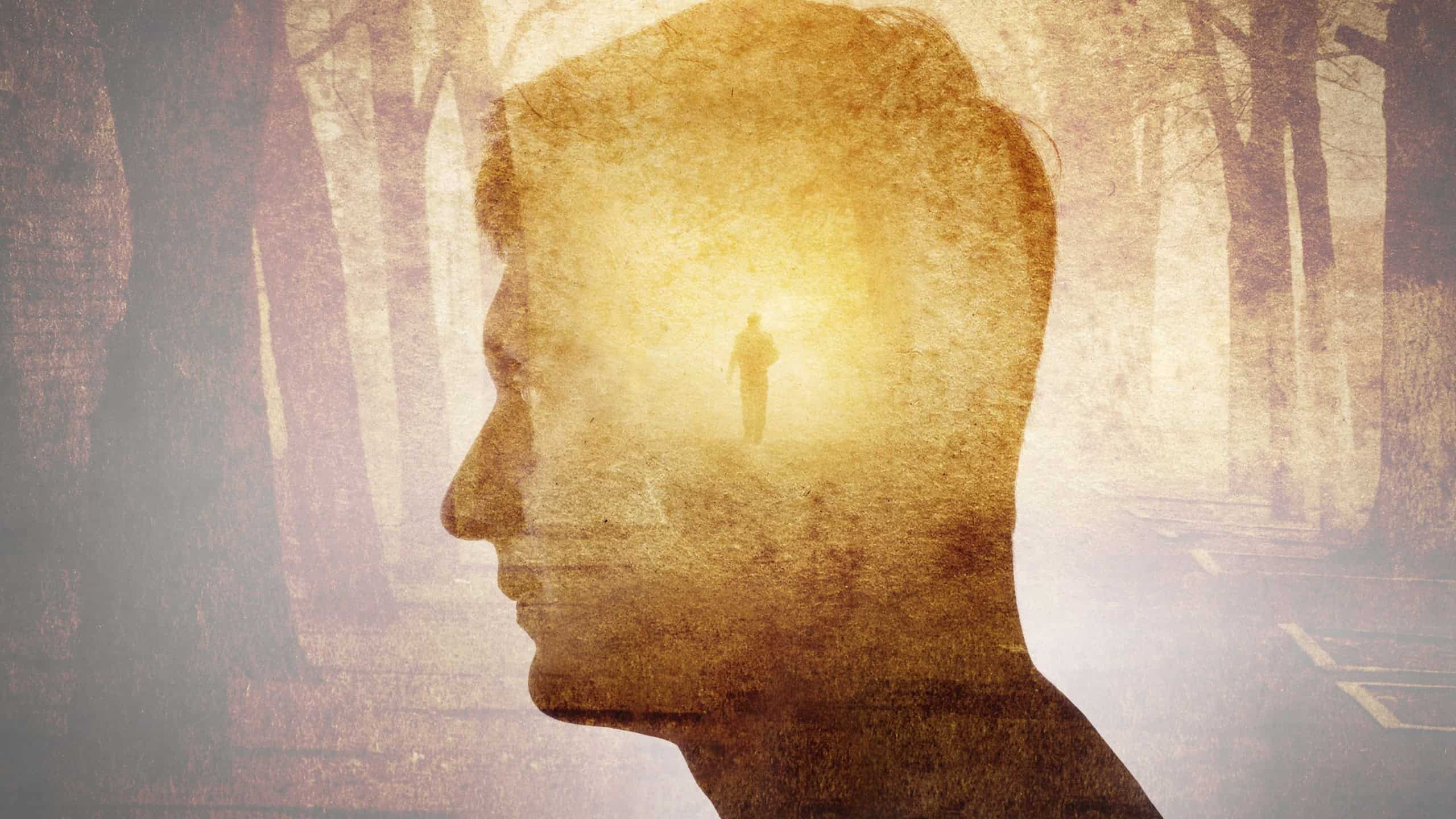 Man silhouette on gothic landscape background. Psychiatry, psychology, concept, gothic, steampunk background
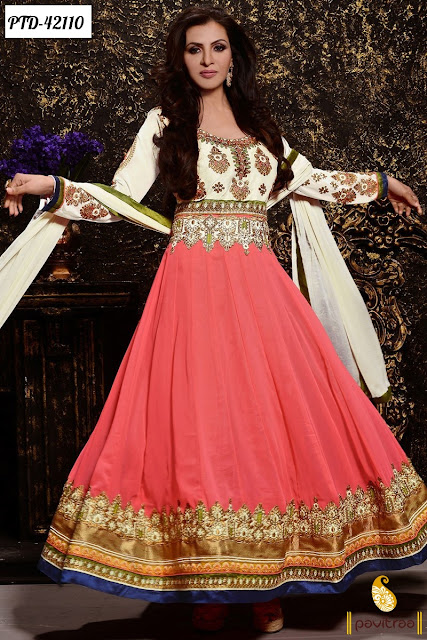 White and light pink chiffon anarkali salwar suit at pavitraa.in
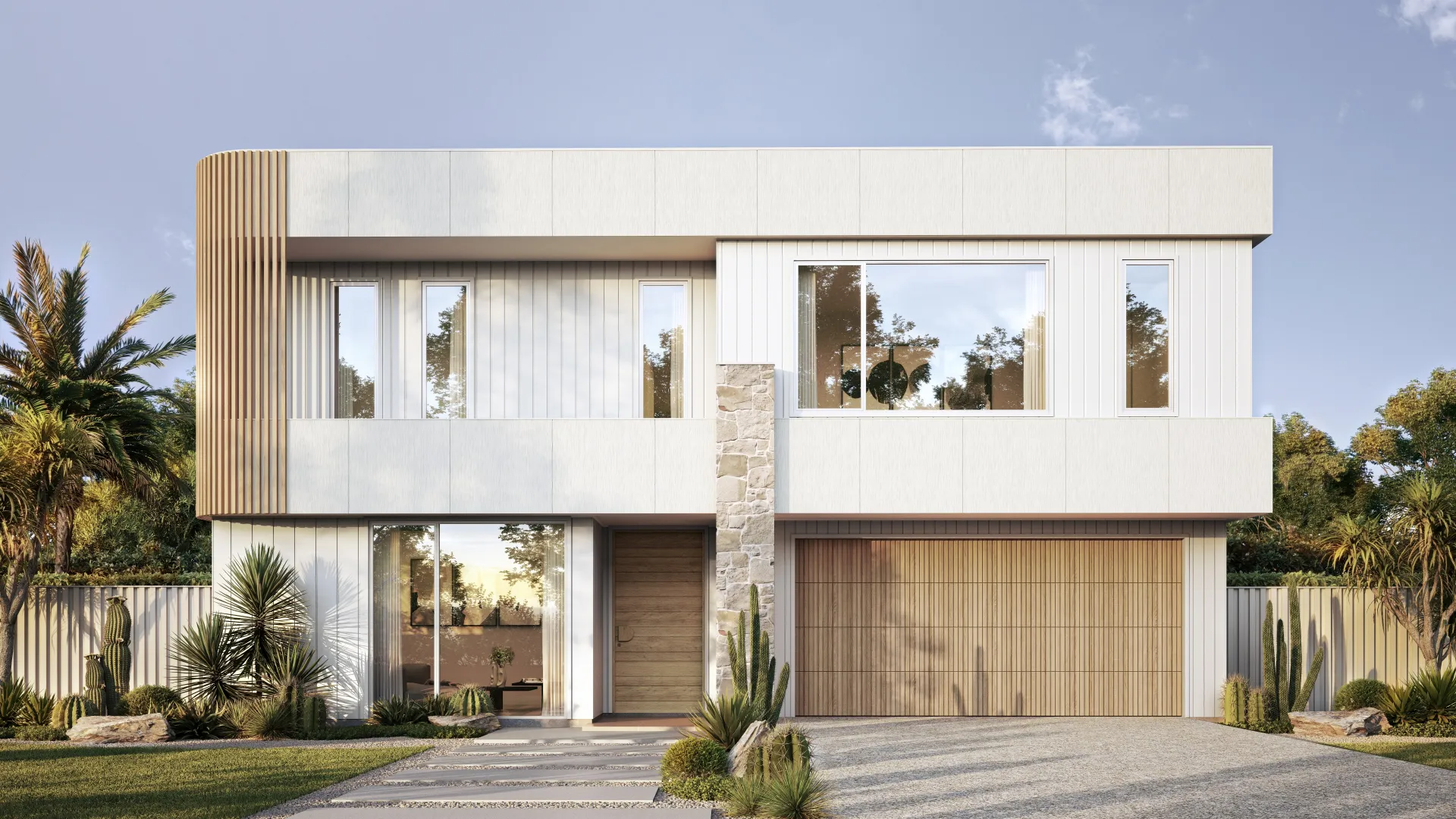 Two-storey modern home with timber battens, stone and white panels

WORK TO BE COMPLETED —
An exact reproduction of the data above is required, with every picture removed.

SOLVED PROBLEM —
 Man silhouette on gothic landscape background. Psychiatry, psychology, concept, gothic, steampunk background
 White and light pink chiffon anarkali salwar suit at pavitraa.in
 Two-storey modern home with timber battens, stone and white panels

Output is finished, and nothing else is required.